Rap music, for Bork as for other AEI writers, is a symbol of what is most "sick" about African-American culture. He wrote in his book that it is "little more than noise with a beat," that the lyrics often range from "the perverse to the mercifully unintelligible," and that "it is difficult to convey just how debased it is."

The New York Times (9/24/96) concluded that Slouching Towards Gomorrah is in the end "an ugly and intemperate book," but not before the reviewer noted Bork was on target in his criticisms of "self-esteem" (i.e. multicultural) programs in schools, and in his insistence that it is equality of opportunity, not outcomes, that Americans should seek.

Legalizing discrimination

Dinesh D’Souza is clearly one of AEI’s "superstars"--ranking his own page on AEI’s website of fellows’ biographies. D’Souza has impeccable conservative credentials. Arriving in the United States at age 16 in 1978 on a Rotary Scholarship, D’Souza became editor-in-chief for the Dartmouth Review, the notorious right-wing college paper (also heavily supported by the Olin Foundation). He later became managing editor of the Heritage Foundation’s Policy Review, and served as a policy adviser in the Reagan administration.

D’Souza’s Illiberal Education: The Politics of Race and Sex on Campus-- a compendium of anecdotes purportedly documenting the horrors of political correctness and affirmative action on college campuses--propelled him into the media spotlight. D’Souza’s recent The End of Racism was so patently offensive that staunch black conservatives Robert Woodson and Glenn Loury both denounced the book and severed their ties with AEI in protest.

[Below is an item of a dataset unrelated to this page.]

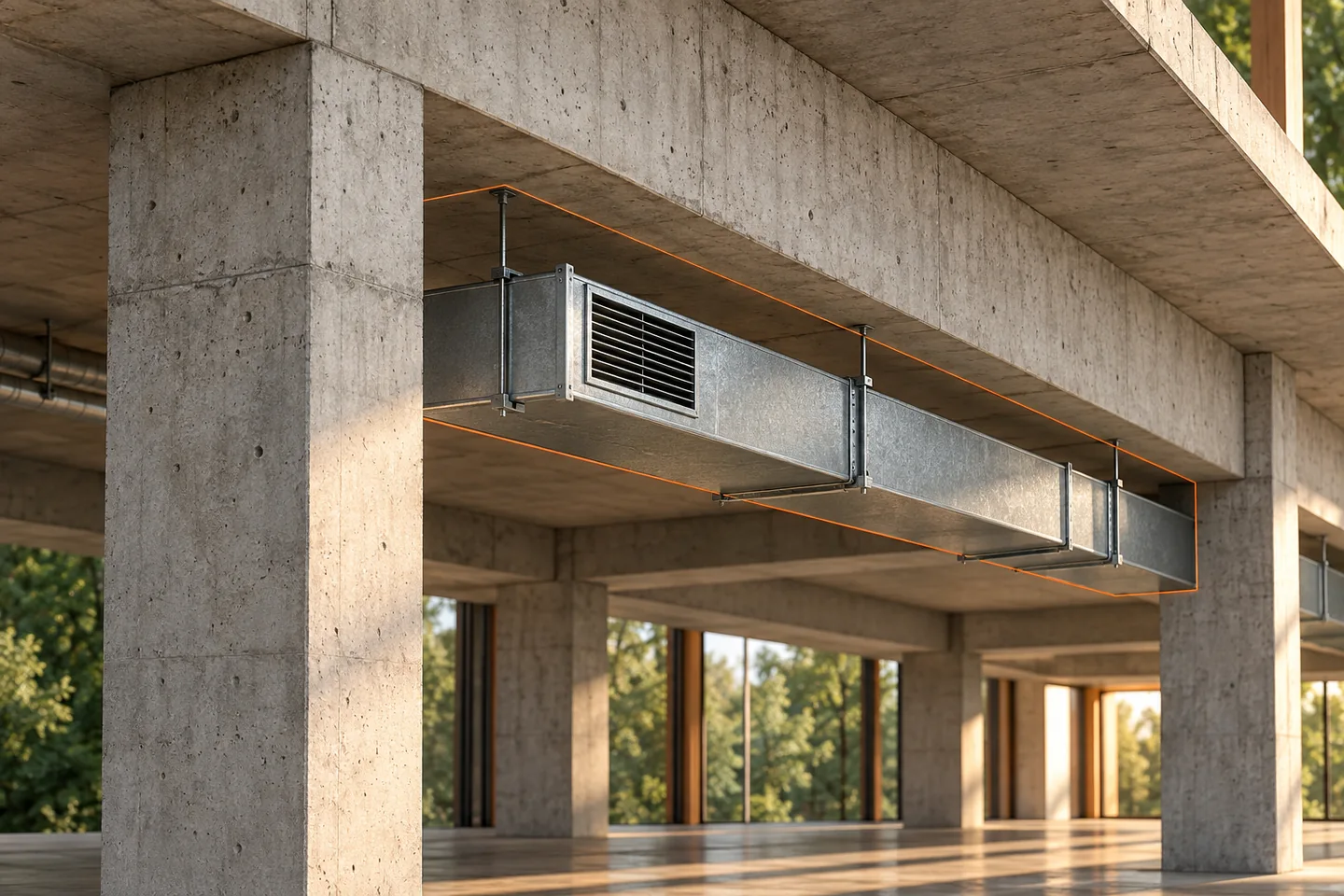 A ventilation duct passes below a concrete beam in a sectional structural bay.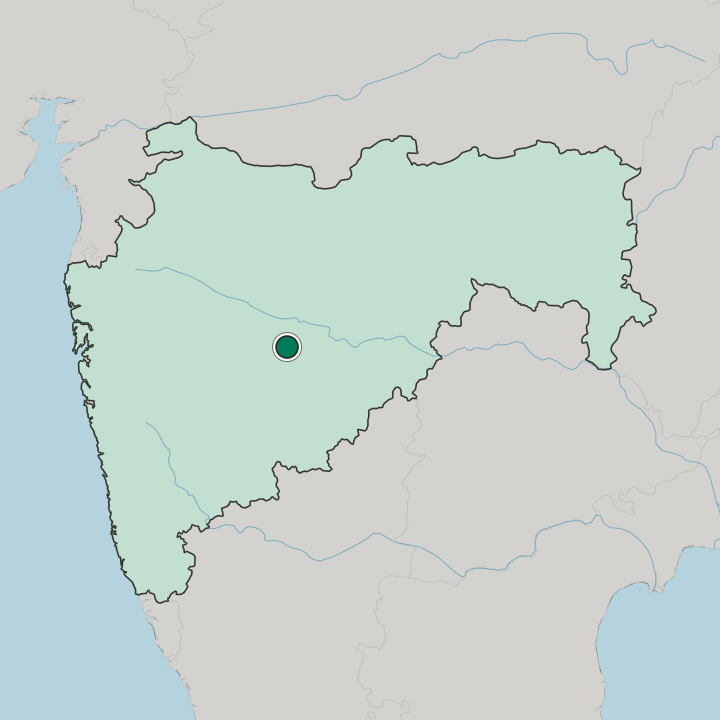 Map showing Beed — In State of Mahārāshtra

The book is specifically about African-Americans, who, according to D’Souza, should stop using institutional racism as an "excuse" for their "failure" to achieve what whites and Asians have achieved. Instead, they should accept that they are held back by a "culture of poverty" consisting of high crime and illegitimacy rates, and dependency on welfare and other government programs.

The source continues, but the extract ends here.